Unable to rm directory from git --cached

Question

I accidentally added a directory to my repo. No big deal I'll just run

git rm --cached <dir-name>

but I get this error

error: the following file has staged content different from both the
file and the HEAD:
    <dir-name>
(use -f to force removal)

What may complicate this a bit is that the directory added to the cache is a git repo itself and the only cached changes in the root repo has to do with the git Subproject.

git diff --cached

output:

--- /dev/null
+++ b/<dir-name>
@@ -0,0 +1 @@
+Subproject commit <commit-id>

The commit id referenced is the current nested repo HEAD, but I may have added to it since the accidental add.

My first instinct was just to use -f to force since this is not in the actually repo but only staged. But this answer made me think twice as I do not want to permanently mess anything up.

Luckily these are entirely local so I'm not dealing with any remotes, and I'm sure there is an easy fix to this, but I just want to do it correctly. Should I just run git rm --cached -f <dir-name>? or do I need to take another approach?

score 3 · Accepted Answer · answered Sep 01 '20 at 20:38

TL;DR

Your first instinct was almost certainly correct: you probably want git rm --cached -f path, where path names the path to the sub-repository. This will remove the thing that Git calls a gitlink from the index / staging-area / cache.

Long

First, remember that Git does not store directories at all. So this directory is not in Git in the first place. The reason why has to do with what Git calls, variously, the index, the staging area, or—relatively rarely now but still visible in git rm --cached—the cache.

Second, know that Git never stores another Git repository in a repository. Or, to put it another way, repositories never actually nest. The actual implementation here is to forbid any path name components that consist of .git (including case-insensitive variants such as .GIT or .Git or whatever).¹

What you have here is what Git calls a submodule (or perhaps half a submodule: the half that Git calls, internally, a gitlink).

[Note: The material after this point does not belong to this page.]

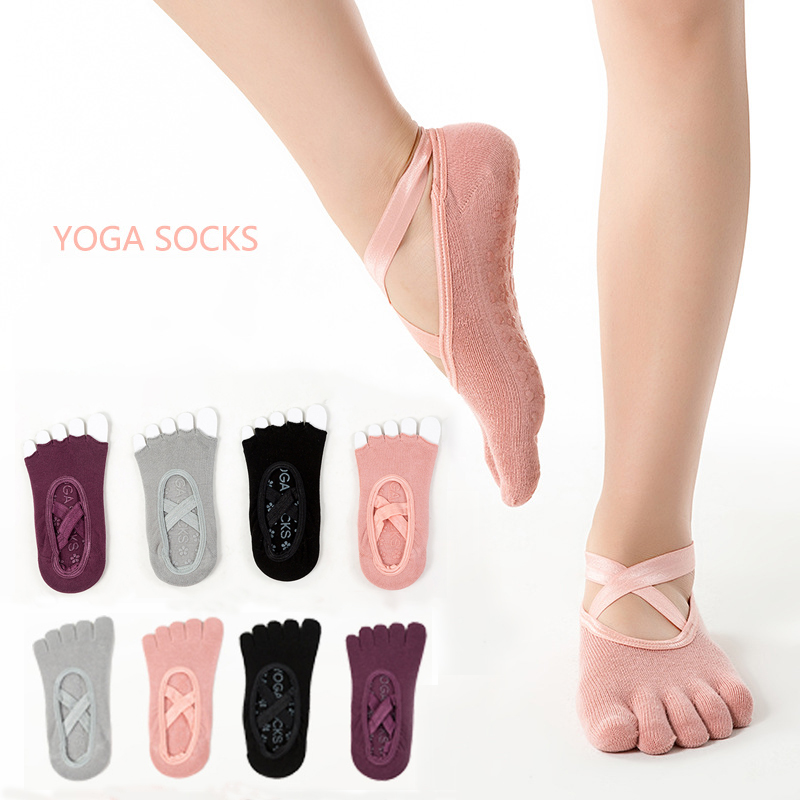 Vớ chống trượt Năm ngón tay Yoga Phụ nữ Bông silicon Phòng tập thể dục Thể hình Dance Pilates Vớ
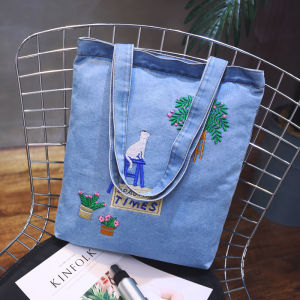 Túi Đeo Vai Vải Denim Thường Ngày Cho Nữ Túi Tote Vải Canvas Dung Tích Lớn in Họa Tiết Đơn Giản Thời Trang Túi Xách Thường Ngày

¹In very old versions of Git, the authors forgot to account for case-insensitive file systems on Windows and MacOS, and allowed creating repositories with files named, e.g., foo/.GIT/HEAD and the like. This made the "outer" Git treat the foo/.GIT directory as another Git repository. This made it far too easy to set up Trojan horse repositories as traps for those using these systems.

Commits

Git is ultimately built out of two key-value databases, one of which is copied by cloning. (The other, which holds branch and tag and other such names, is partly copied but modified during cloning.) The main database consists of commits and other internal Git objects. Each of these objects is read-only, because the way Git finds these objects is by its key, and its key is itself a cryptographic checksum of the object. If you take an object out of the database, manipulate some of its bits, and then try putting it back, what you get is not a modified object, but rather a new object, with a new and different key.²

The most interesting object for our discussion here is the commit. A commit contains a snapshot of all the files that Git knows about.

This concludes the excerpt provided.